*** Block opens ***
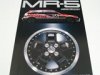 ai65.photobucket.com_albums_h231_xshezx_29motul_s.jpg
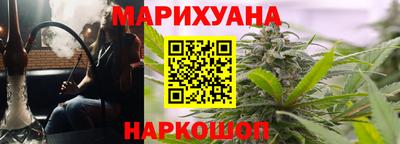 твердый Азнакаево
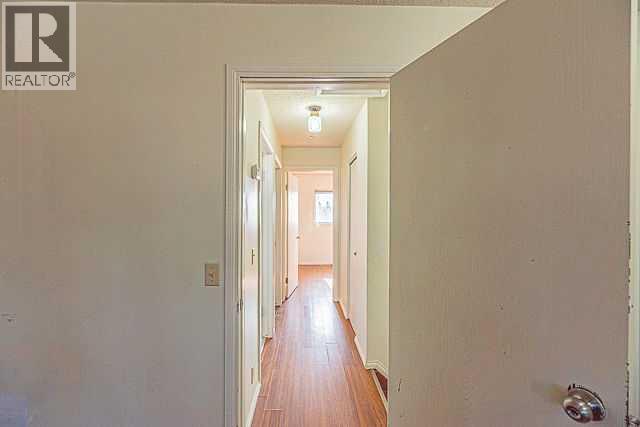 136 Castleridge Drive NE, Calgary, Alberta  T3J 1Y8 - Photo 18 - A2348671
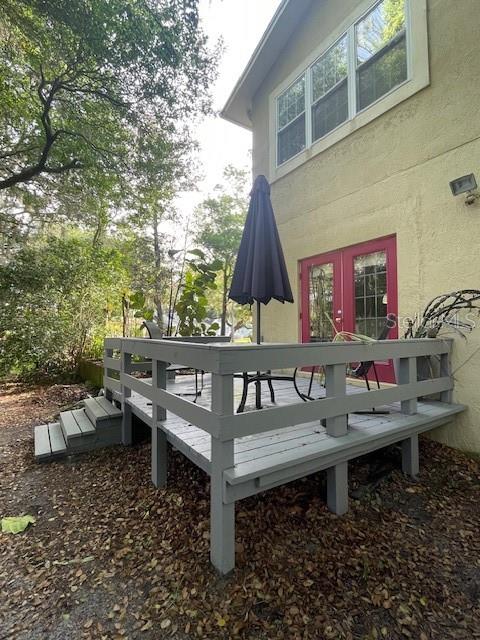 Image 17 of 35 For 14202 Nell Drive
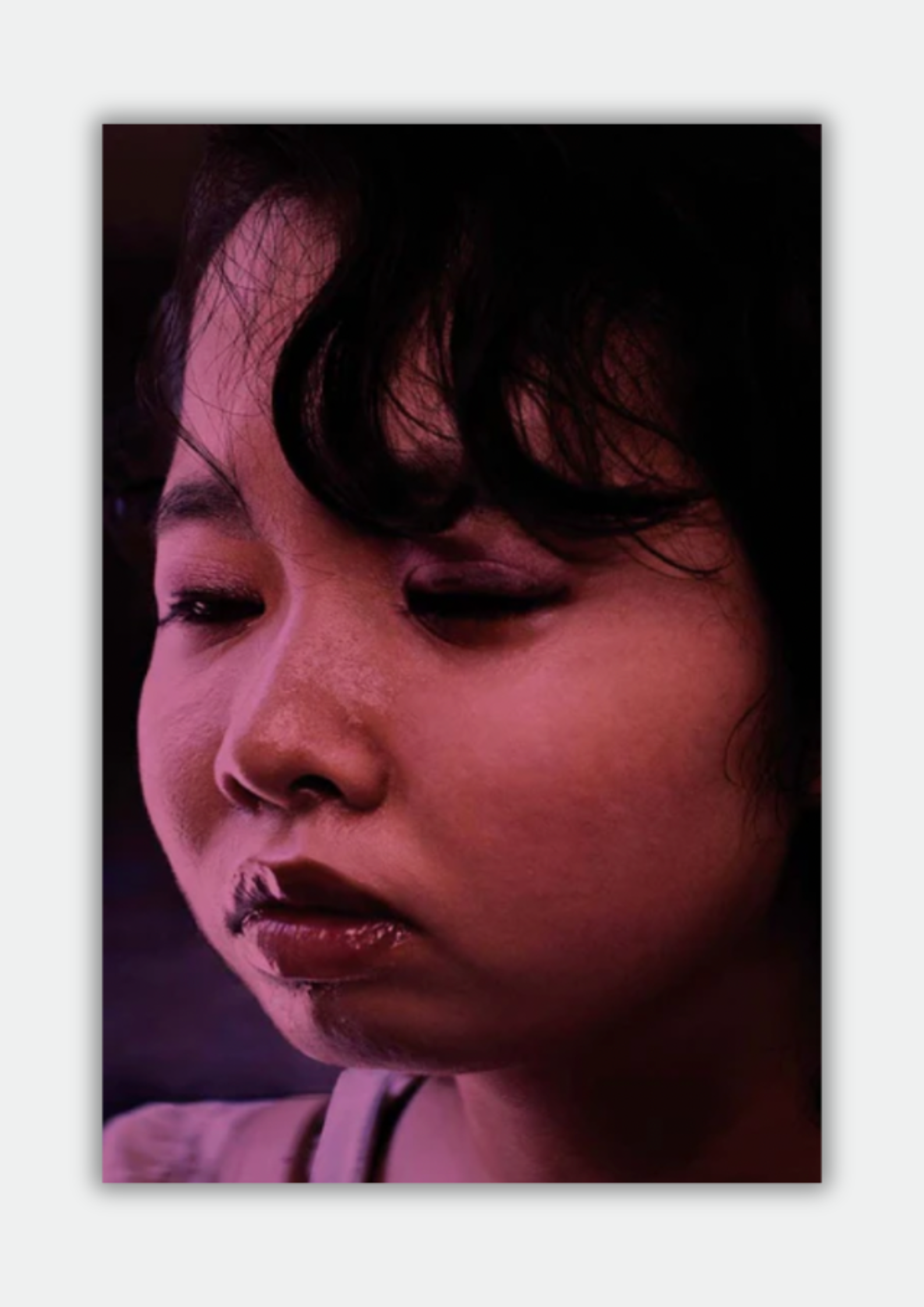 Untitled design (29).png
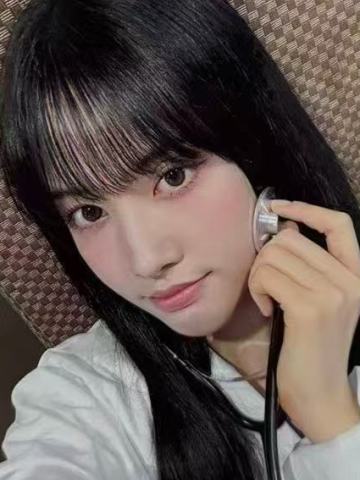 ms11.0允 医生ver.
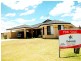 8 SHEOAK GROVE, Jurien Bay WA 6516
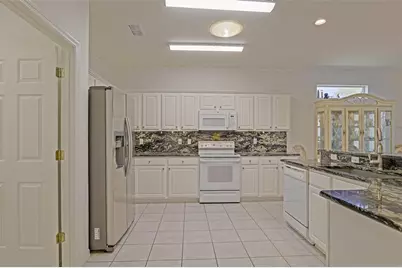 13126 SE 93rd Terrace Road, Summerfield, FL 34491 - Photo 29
*** Block closes ***
**WHAT IS REQUIRED**
Every line above is to be duplicated exactly; no picture should be carried over.

**WRITTEN RESPONSE**
 ai65.photobucket.com_albums_h231_xshezx_29motul_s.jpg
 твердый Азнакаево
 136 Castleridge Drive NE, Calgary, Alberta  T3J 1Y8 - Photo 18 - A2348671
 Image 17 of 35 For 14202 Nell Drive
 Untitled design (29).png
 ms11.0允 医生ver.
 8 SHEOAK GROVE, Jurien Bay WA 6516
 13126 SE 93rd Terrace Road, Summerfield, FL 34491 - Photo 29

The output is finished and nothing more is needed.